Civil Appeal E028 of 2024

MW Muigai, J

October 31, 2024

Between

Nyoro Construction Limited

Appellant

and

Agnes Mwethya Musau

Respondent

Ruling

1. Vide application dated 04/04/2024 brought under Order 42 rule 6 and 7 of the Civil Procedure Rules, the Applicant sought the following orders, that;a.(Spent)b.(Spent)c.That there be a stay of execution of the judgement and decree of this court pending the hearing and determination of the appeal.d.The costs of this Application abide the outcome of the Appeal.

2. The Application is supported by an affidavit sworn by Josiah N Njuguna the Appellant herein sworn on 4th April 2024 stating as follows; that on 21st December 2023, the court delivered judgement in CMCC No E278 of 2022 in favour of the respondent for a sum of kshs 965,530 plus cost and interest. The respondents then served their letter dated 21. 02. 2024 threatening to execute the decretal sum within 10 days and since the lapse of the 10 days, the assets of the applicant are exposed to sale and attachment that the respondents demonstrated their struggle to make ends meet and thus would not be in a position to pay the applicant if the appeal is successful. The applicant stated that it has employed over 100 workers who stand to suffer substantially should execution take place and that they undertake to comply with the terms of the cour.t

Replying Affidavit 3. The Respondent filed a Replying Affidavit sworn on 11/04/2024 by Jacob Kyula Musau in which he stated that the application was an abuse of the court process and made without basis and a mere afterthought. That the applicants had failed to satisfy the basic requirements of the orders which it is brought.
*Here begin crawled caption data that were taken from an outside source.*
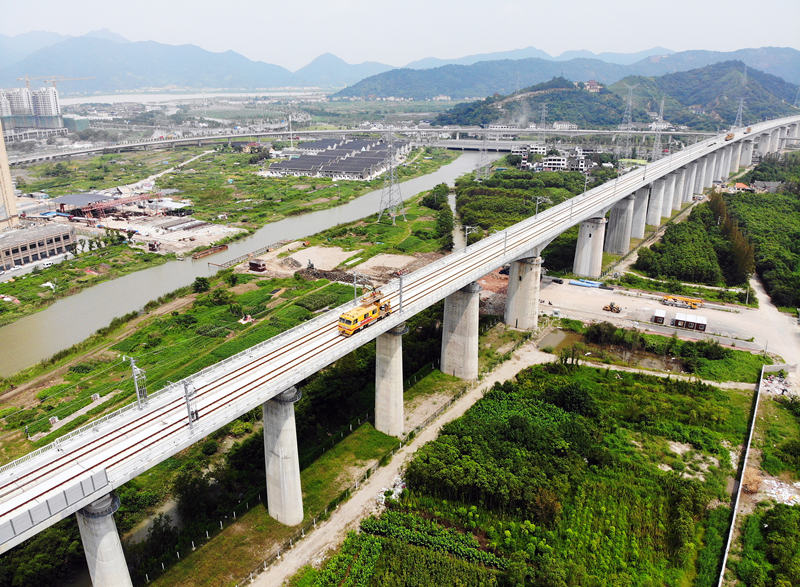 China: constru??o da primeira ferrovia de alta velocidade com investimento de capital privado em curso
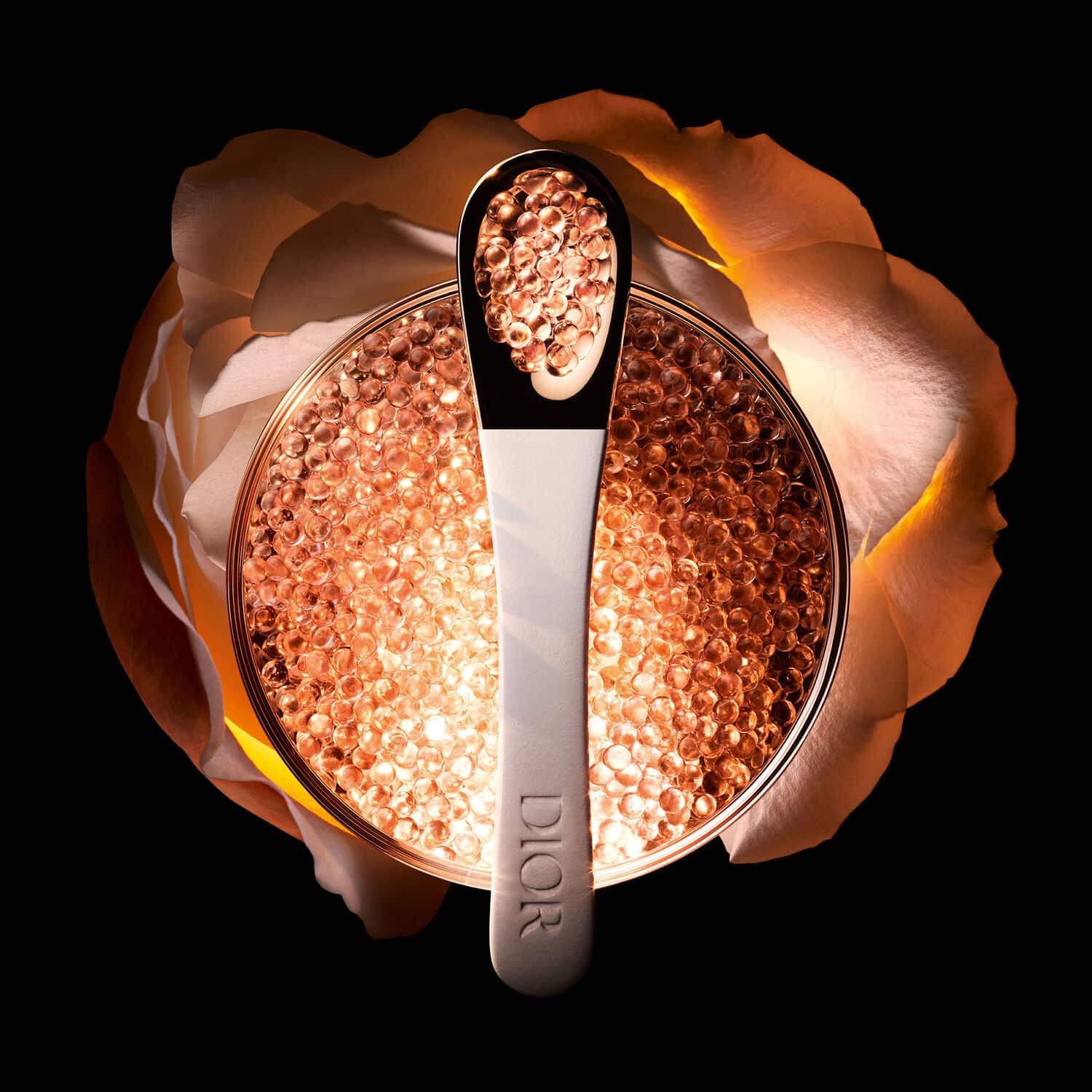 Dior Prestige* La Micro-Huile de Rose Activated Serum Dior Prestige* La Micro-Huile de Rose Activated Serum - Image 2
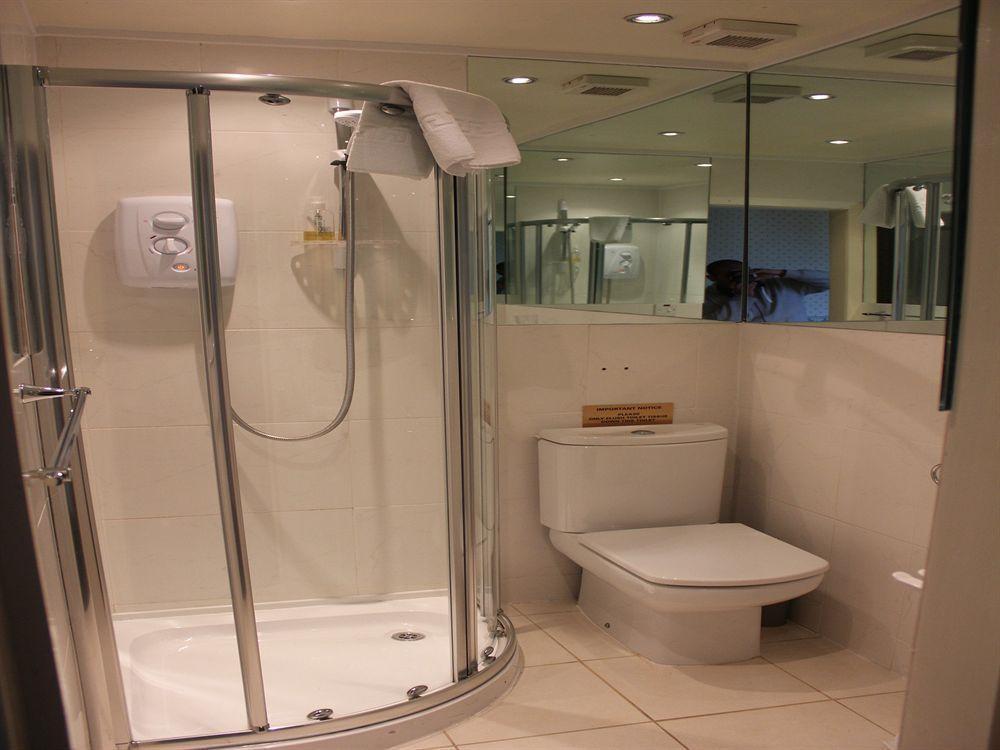 Chambre Familiale avec Salle de Bains Privative Séparée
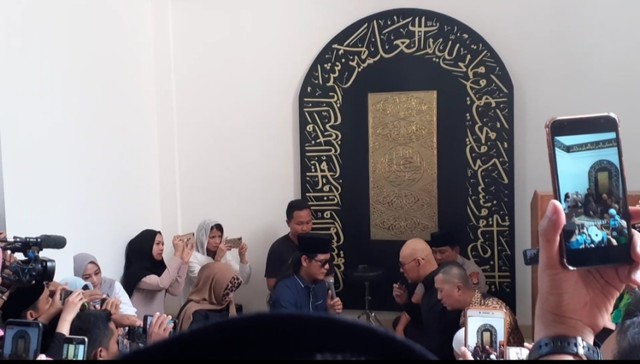 Deddy Corbuzier mengucapkan 2 kalimat syahadat di Masjid Al Mbejaji, Sleman, Jumat (21/6). Foto: erl.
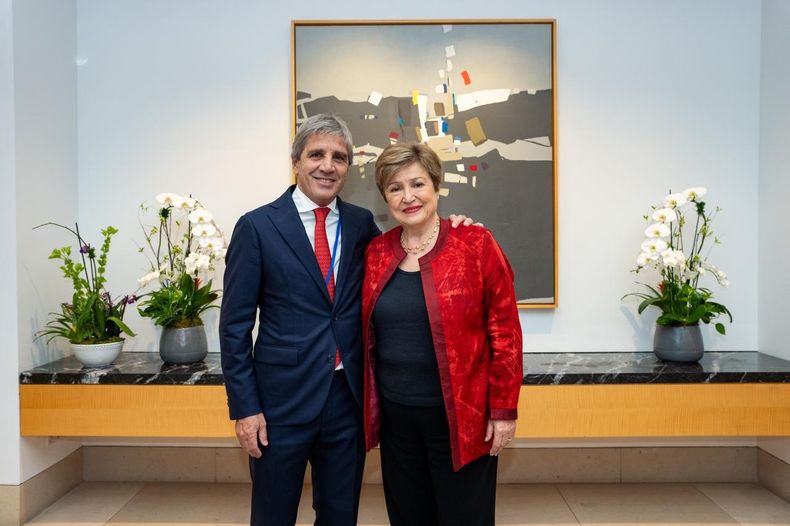 Kristalina Georgieva y Luis Caputo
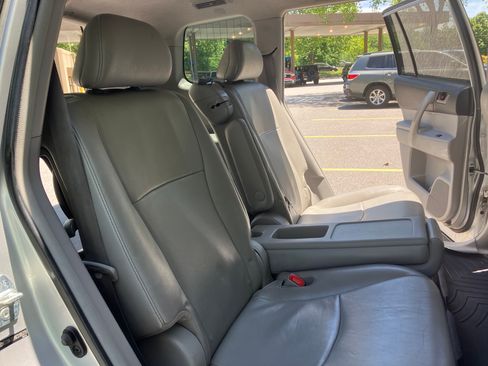 Used 2012 Toyota Highlander SE w/ Tow Pkg AWD/4WD image 17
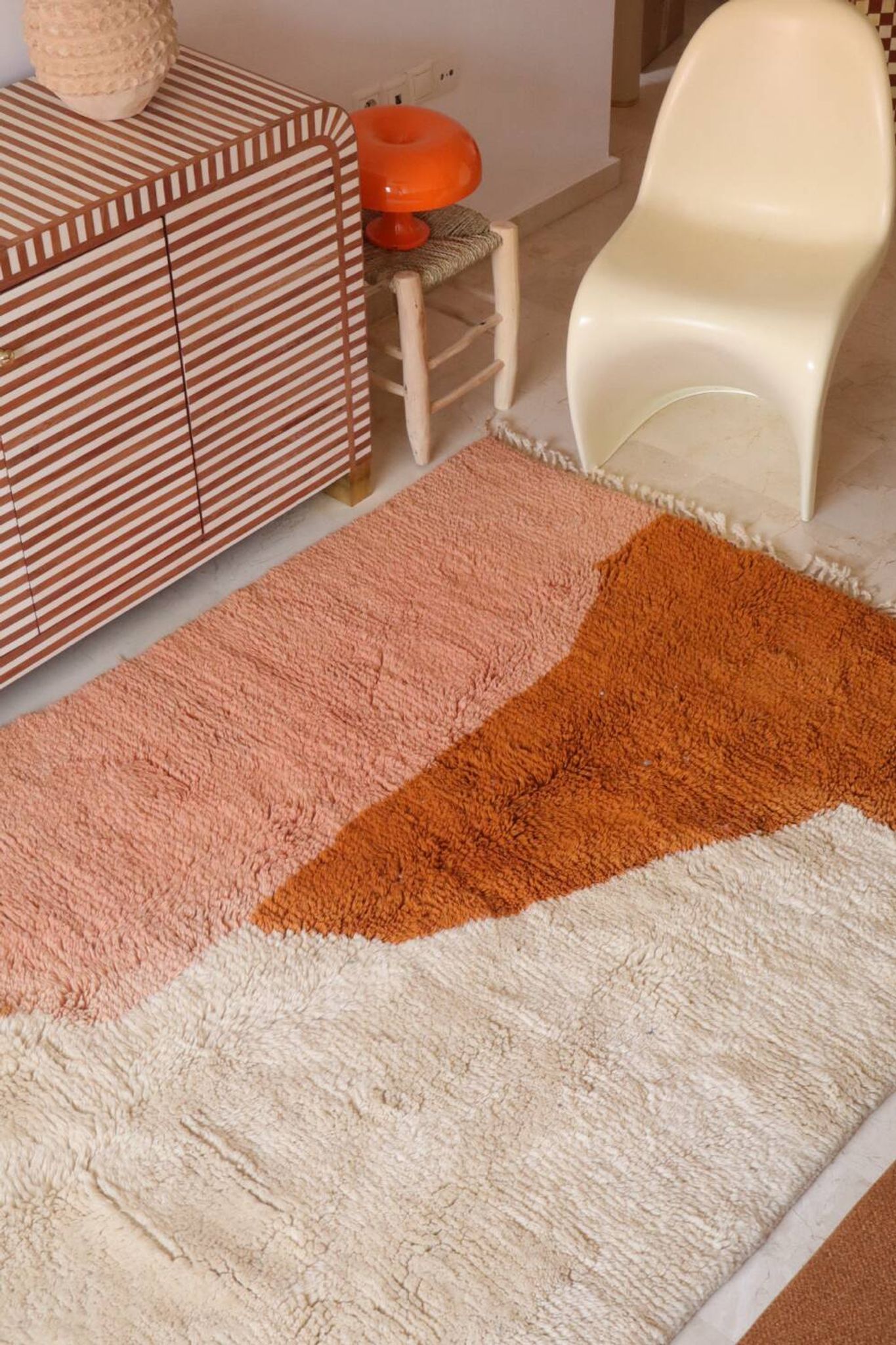 Tapis berbère Azilal terracotta et pêche moderne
The applicant had not provided any form of security which is a mandatory requirement and should the court be inclined to allow the application, the court should order security for money decree and order release of half of the decretal sums being kshs 468,704 and the balance in a joint interest earning account in the name of both advocates as they are capable of refunding the decretal sum.

4. The Application was canvassed by way of written submissions.

Appellant’s Submissions Dated 08. 10. 2024 5. On behalf of the Appellant it is submitted that the appellant will suffer substantial loss and their property sold in execution of the decree and thus the appeal will be rendered nugatory.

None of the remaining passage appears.